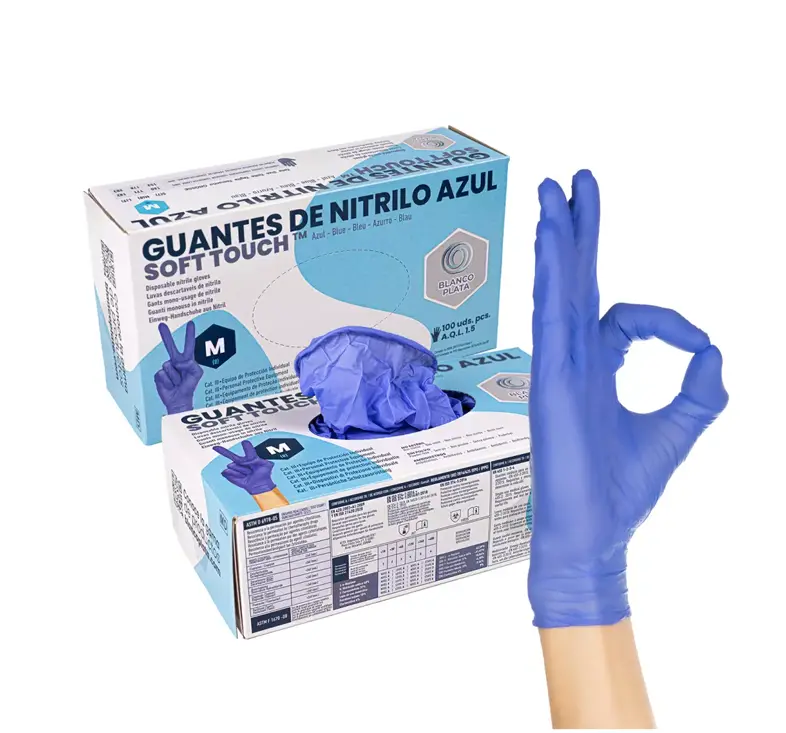 Guantes de nitrilo azul soft touch de BlancoPlata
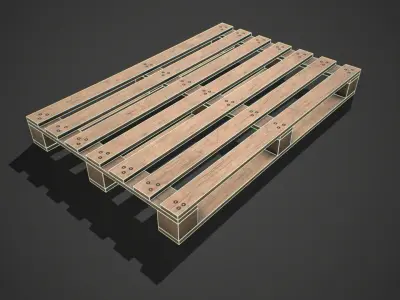 Low poly European Wood pallet 01 PBR Game Ready Free low-poly 3D model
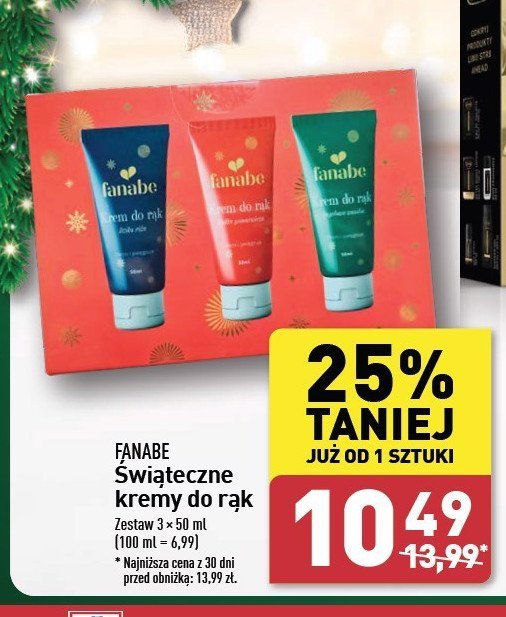 Zestaw w pudełku: 3x krem do rąk 50 ml Fanabe promocja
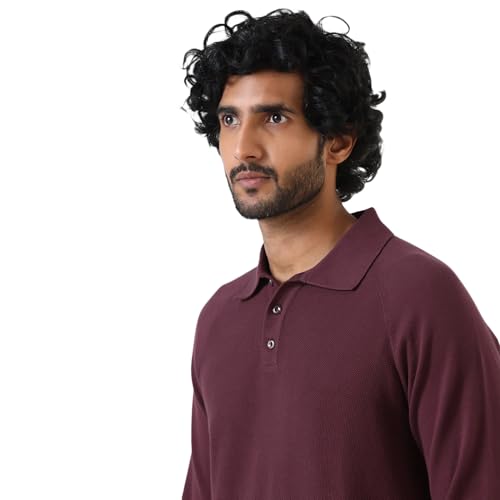 Blackberrys Men's Slim Fit Solid Rust Pullover Sweater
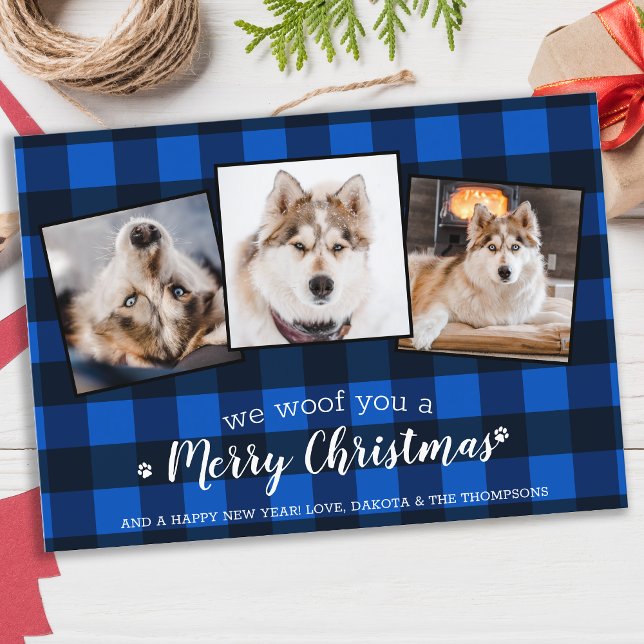 Dog Lover Custom 3 Pet Photo Blue Plaid Christmas Holiday Card (Creator Uploaded)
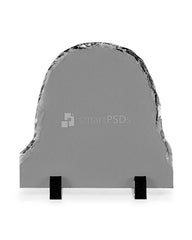 Semi Circle Arc Shaped Rock Slate Photo Frame Design mockup 3-views 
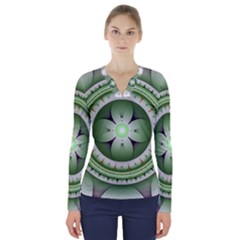 Ractal Mandala Green Purple V-neck Long Sleeve Top by Simbadda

__TASK TO COMPLETE__: Return the entries above in full and unchanged, omitting every image.

__RESULT FOR THIS TASK__:
 Guantes de nitrilo azul soft touch de BlancoPlata
 Low poly European Wood pallet 01 PBR Game Ready Free low-poly 3D model
 Zestaw w pudełku: 3x krem do rąk 50 ml Fanabe promocja
 Blackberrys Men's Slim Fit Solid Rust Pullover Sweater
 Dog Lover Custom 3 Pet Photo Blue Plaid Christmas Holiday Card (Creator Uploaded)
 Semi Circle Arc Shaped Rock Slate Photo Frame Design mockup 3-views 
 Ractal Mandala Green Purple V-neck Long Sleeve Top by Simbadda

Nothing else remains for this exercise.